Not a hard sales approach at all – very conscientious.

Yep! There’s not that much sales in it–more of a salespitch-by-a-zen-drug-dealer challenge. Kinda like “I don’t know if this is the board for you, buddy–but if you can figure it out, oh, baby! there’s nothing like this stuff!!” (apologies to Lee! ;))

And the classic: A surfboard that’s “designed to work (best) in perfect pointbreaks?” Grins!

I love those things, even from afar, even as pure philosophy.

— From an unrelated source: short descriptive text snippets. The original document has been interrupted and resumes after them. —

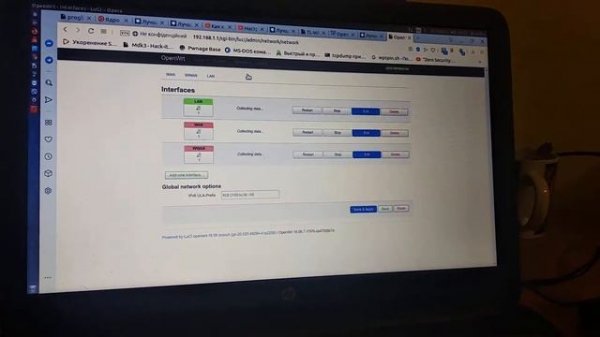 Настройка Openwrt в качестве wifi client с lan bridge 2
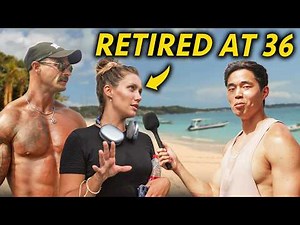 Asking RICH Digital Nomads What They Do For a Living (Bali, Indonesia)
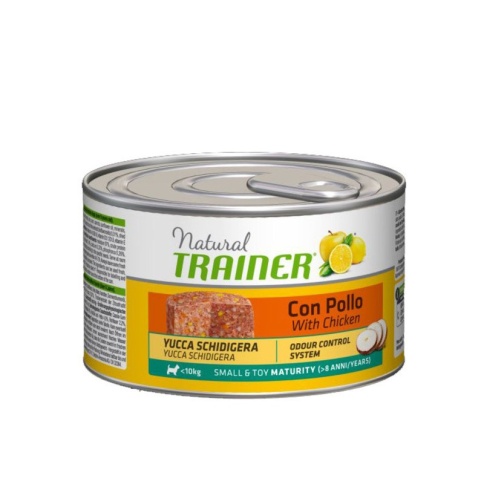 Trainer Natural Small & Toy Light консервированный корм для пожилых собак мелких и миниатюрных пород 150 г фото 2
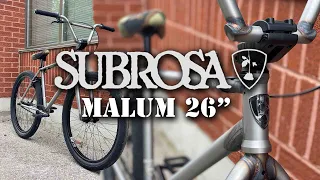 2021 Subrosa Malum DTT 26" Cruiser BMX Unboxing @ Harvester Bikes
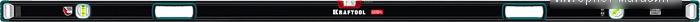 Уровень строительный KRAFTOOL A-rate Control 34986-200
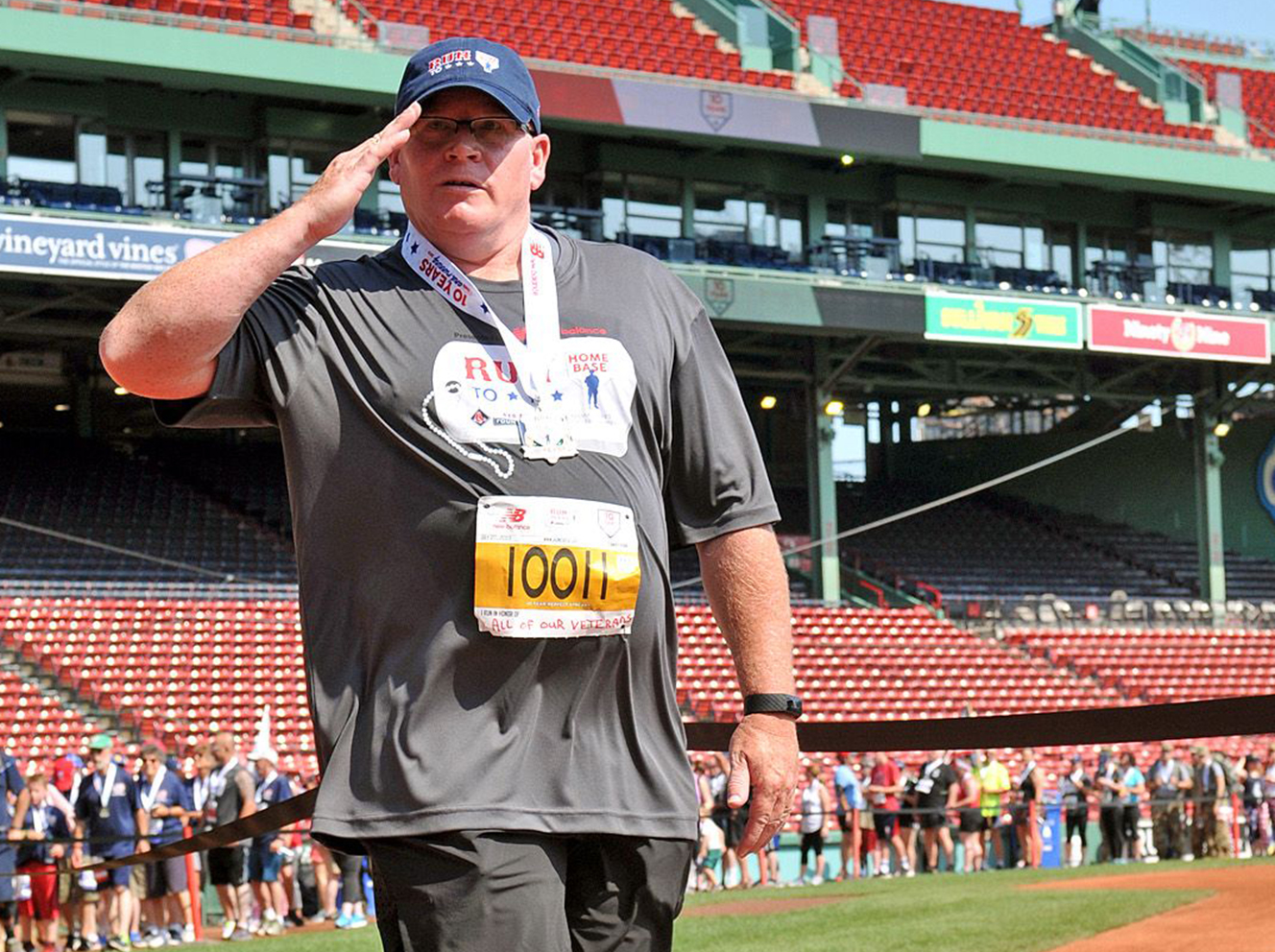 No Man Left Behind: An Army Veteran’s 14th Run to Home Base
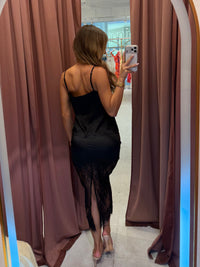 Maren Lace Top Black
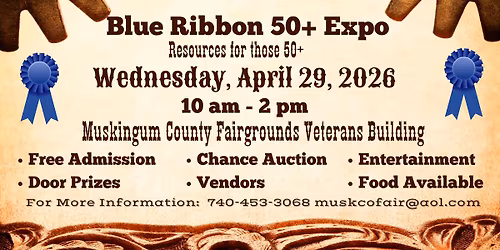 Blue Ribbon 50+ Expo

What Greg is also saying is that you need to get the right shape/rocker/bottom hull for the waves you usually ride. He has all kinds of adjustments he can make to the design to get it to work in different conditions. Sure, not all conditions but in the stuff most of us encounter. You can’t expect a “Point Breaker” to work in beach break as well as a hull tuned to work in beach break.

This is a particularly good example of the benefits of a true custom board and why, thank God, this design will likely never catch on with the mass produced, board factories.

Hear hear!

back to the older, more ‘extreme’ hulls – if you were to put one of those side by side with a modern smoothie in a pic could you perceive any differences?

Main hull hazzard is addiction. Might also make you  question what you have been doin for the last ? of years. I have seen many people get really weird when there equiptment is questioned or in some cases invalidated.